Exercise objective
An exact reproduction of the listing is wanted, with the pictures dropped.

### Source material ###

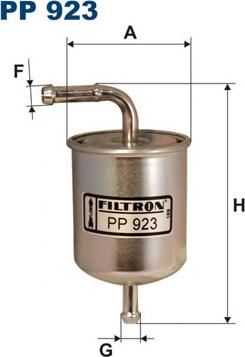 Filtron PP923 - Filtro carburante www.autoricambit.com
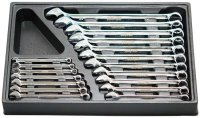 CUSTOR Open-end spanners set, 18 pieces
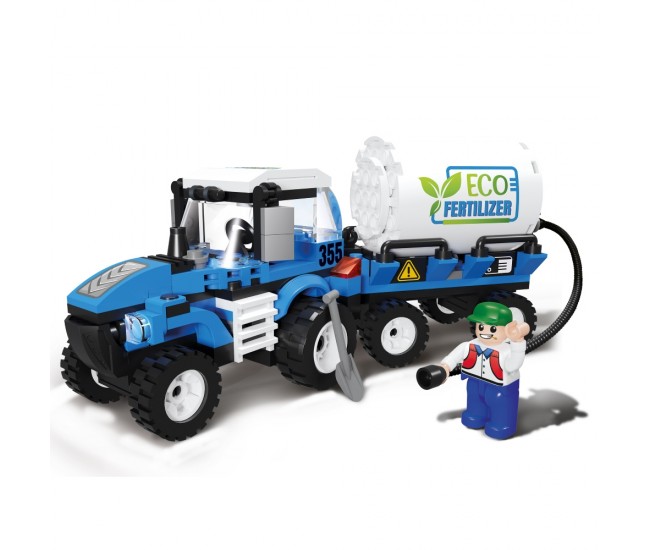 Blocki My Farm, Tractor cu cisterna, 170 piese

###

Reply to the exercise
 Filtron PP923 - Filtro carburante www.autoricambit.com
 CUSTOR Open-end spanners set, 18 pieces
 Blocki My Farm, Tractor cu cisterna, 170 piese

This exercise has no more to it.